Rize Atatürk Museum
- Established: 1985; 41 years ago
- Location: Müftü mah Kirazlık sokak Rize, Turkey
- Coordinates: 41°01′24″N 40°32′03″E﻿ / ﻿41.02333°N 40.53417°E
- Type: Memorial House, Ethnography
- Owner: Ministry of Culture and Tourism

= Rize Atatürk Museum =

Museum in Rize, Turkey

Rize Atatürk Museum (Atatürk Evi Müzesi, also known as Mehmet Mataracı Konağı) is a museum in Rize, Turkey. The museum is in the Müftü quarter of Rize, and is locally known as Mehmet Mataracı mansion.
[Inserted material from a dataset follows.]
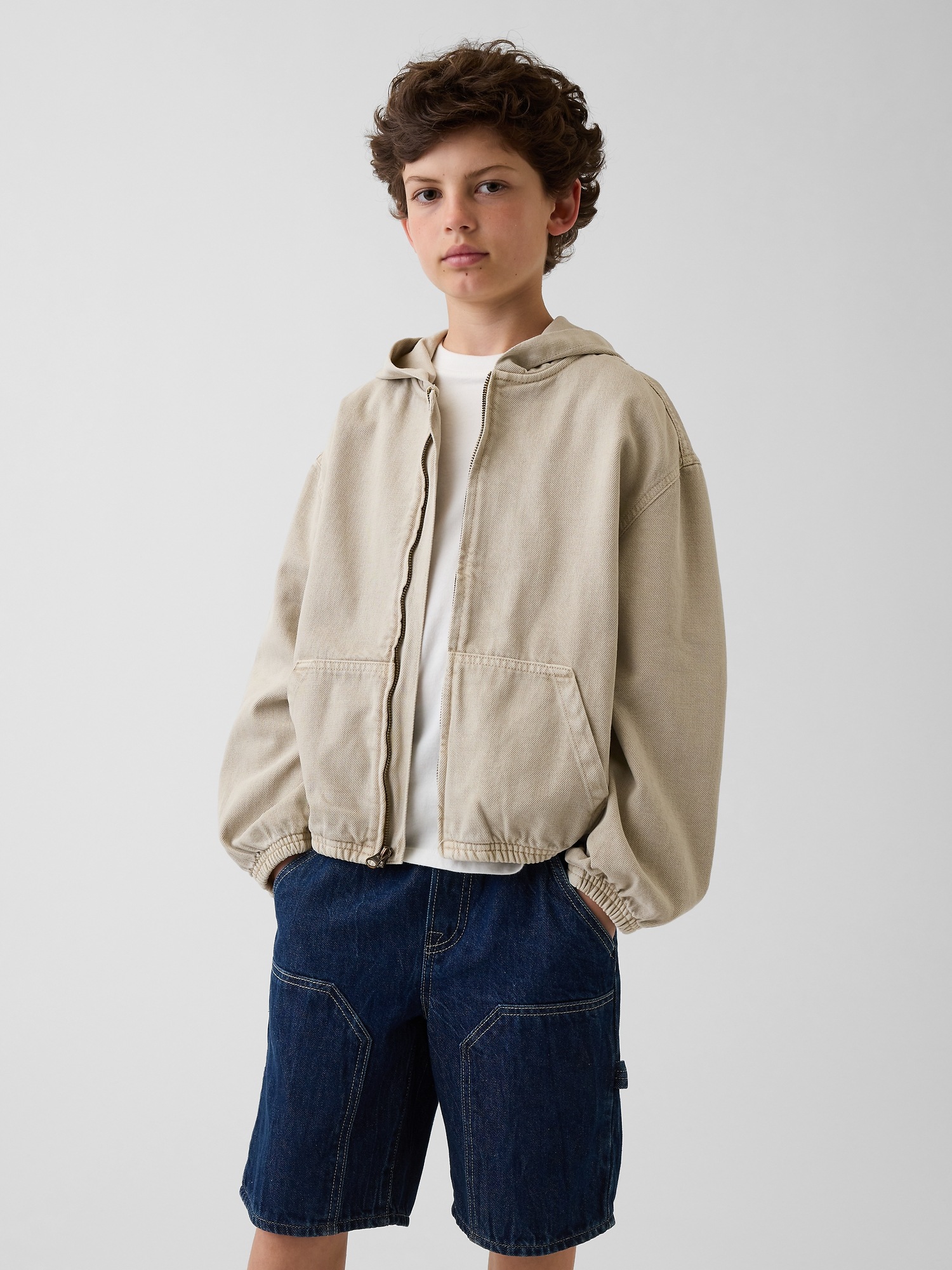 Детская куртка Gap Denim Relaxed Hooded, цвет: Bedrock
It is to the east of the city stadium and to the south of the main road.

The museum building is a three-storey mansion that was built in 1921. In 1924, Mustafa Kemal Pasha (later Atatürk), the founder of the Republic of Turkey, stayed in the house during his visit to Rize. In 1981, the 100th birth year of Atatürk, the owners of the house granted it to the governorship of Rize to be used as an Atatürk museum. The museum was opened on 27 December 1985.

On the ground floor, inscriptions and tombstones are exhibited. On the first floor, there are traditional weaving instruments as well as other ethnographic items. On the second floor, memorial items of Atatürk, such as his personal belongings and photos about the Turkish War of Independence, are exhibited.